An OS image must contain an additional header called Multiboot header, besides the headers of the format used by the OS image. The Multiboot header must be contained completely within the first 8192 bytes of the OS image, and must be 64-bit aligned. In general, it should come as early as possible, for example embedded in the beginning of the text segment after the real executable header.
The header must start with a 32-bit magic number 0xe85250d6 in native endian (i.e. "d6 50 52 e8" in little endian, and "e8 52 50 d6" in big endian).
"Native endian" is ambiguous on architectures that support both modes of execution, such as PowerPC, MIPS, and ARM.
A 32-bit number which specifies flags must follow this magic number. The flags are categorised to four classes.
Bit 0-7 indicate flags which request required features and have the same effect on all architectures. If a boot loader does not fulfill the requirement for any of these bits, the boot loader must notify the user and fail in loading the OS image.
Bit 8-15 indicate flags which request optional features and have the same effect on all architectures. Even if a boot loader does not fulfill the requirement for any of these bits, the boot loader may simply ignore them and proceed as usual.
Bit 16-23 indicate flags which request required features and are specific to one or more architectures. If a boot loader does not fulfill the requirement for any of these bits, the boot loader must notify the user and fail in loading the OS image.
Bit 24-31 indicate flags which request optional features and are specific to one or more architectures. Even if a boot loader does not fulfill the requirement for any of these bits, the boot loader may simply ignore them and proceed as usual.
All undefined flags should be set to zero for future use.
Bit 0-7 are all undefined.
Bit 8 requests that the address fields, which are defined below, are valid. If this bit is set, a boot loader must use these addresses instead of obtaining information from the executable format to load the OS image. This information may not be provided if the OS image is in ELF format, but it must be provided if the images is in a.out format or in any other format. A boot loader must be able to load images that either are in ELF format or contain the address information embedded in the Multiboot header. It may directly support other executable formats, such as particular a.out variants.
Bit 9-15 are all undefined.
Bit 16-31 may be defined in architecture-specific sections.
Address fields may follow the flags. These fields are valid only if bit 8 in the flags is set. If the bit is clear and a boot loader does not support the OS image directly, the boot loader must fail in loading the OS image.

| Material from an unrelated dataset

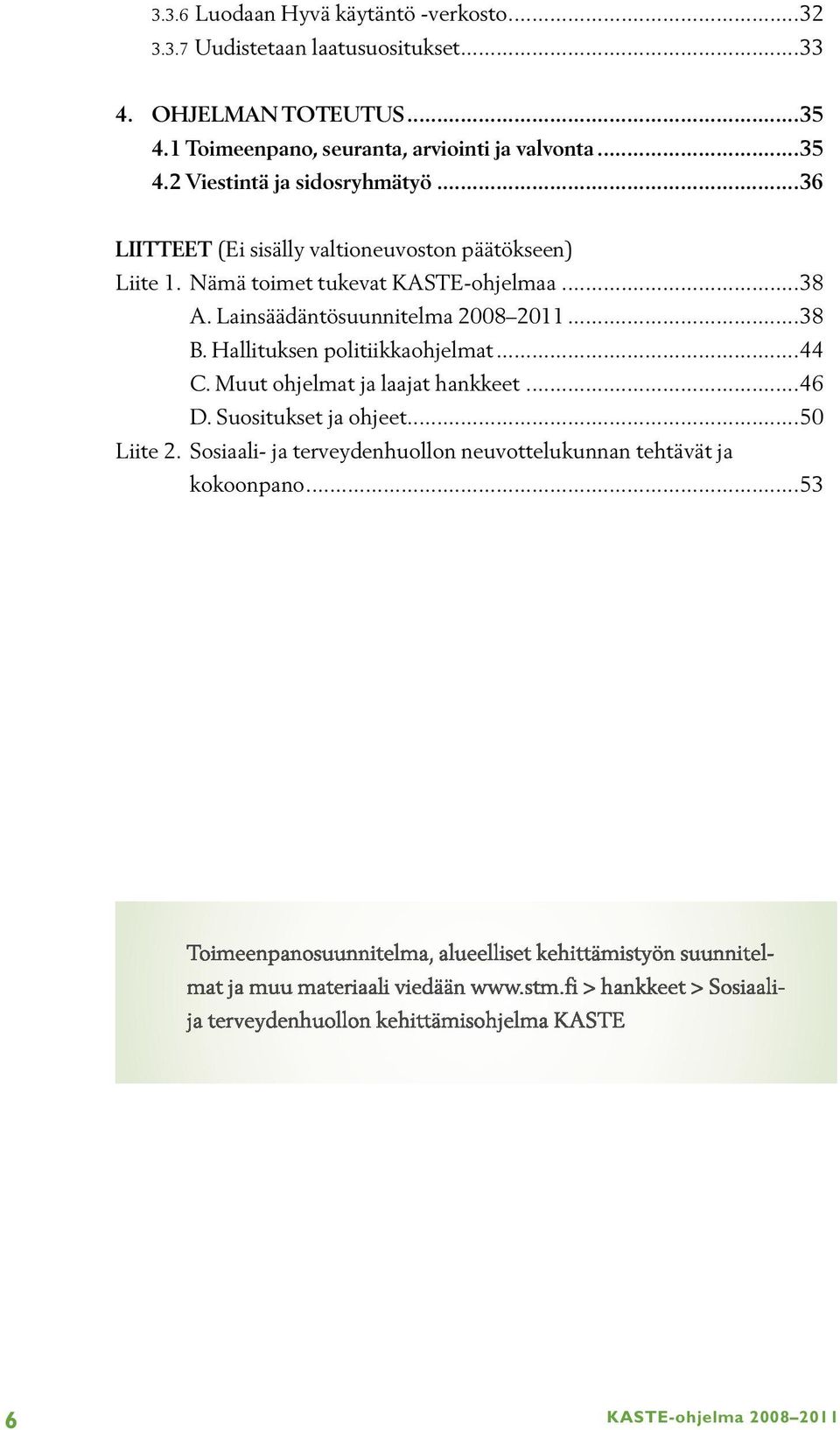 Hallituksen politiikkaohjelmat...44 C. Muut ohjelmat ja laajat hankkeet...46 D. Suositukset ja ohjeet...50 Liite 2.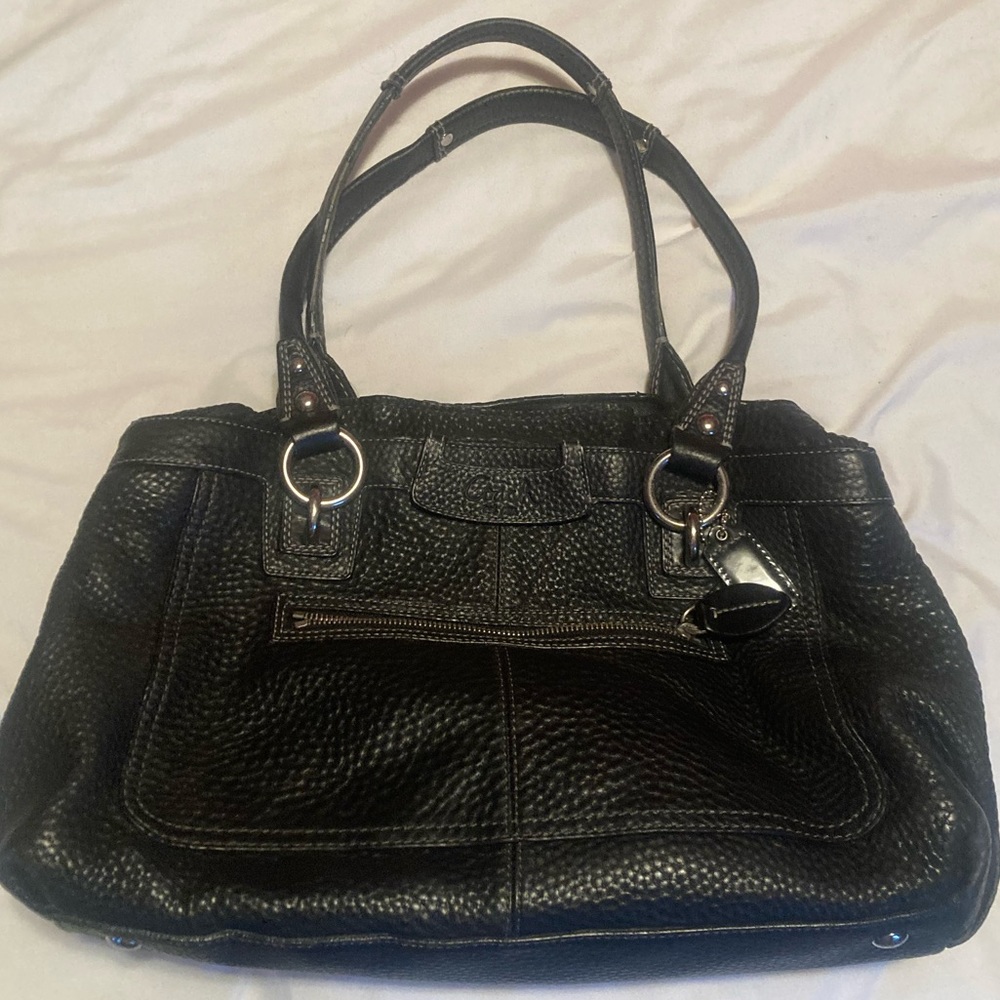 COACH black leather bag.  EUC. Silver colored hardware.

Each of the address fields is a 32-bit or 64-bit integer, depending on an architecture. If an architecture-specific section does not define an additional method to specify address size, a boot loader must follow natural address size which is defined on each architecture.
These address fields are defined:
- header_addr
- The address corresponding to the beginning of the Multiboot header -- the physical memory location at which the magic value is supposed to be loaded. This field serves to synchronize the mapping between OS image offsets and physical memory addresses.
- load_addr
- The physical address of the beginning of the text segment. The offset in the OS image file at which to start loading is defined by the offset at which the header was found, minus (header_addr - load_addr). load_addr must be less than or equal to header_addr.
- load_end_addr
- The physical address of the end of the data segment. (load_end_addr - load_addr) specifies how much data to load. This implies that the text and data segments must be consecutive in the OS image; this is true for existing a.out executable formats. If this field is zero or omitted, the boot loader assumes that the text and data segments occupy the whole OS image file.
- bss_end_addr
- The physical address of the end of the bss segment. The boot loader initializes this area to zero, and reserves the memory it occupies to avoid placing boot modules and other data relevant to the operating system in that area. If this field is zero or omitted, the boot loader assumes that no bss segment is present.
- entry_addr
- The physical address to which the boot loader should jump in order to start running the operating system.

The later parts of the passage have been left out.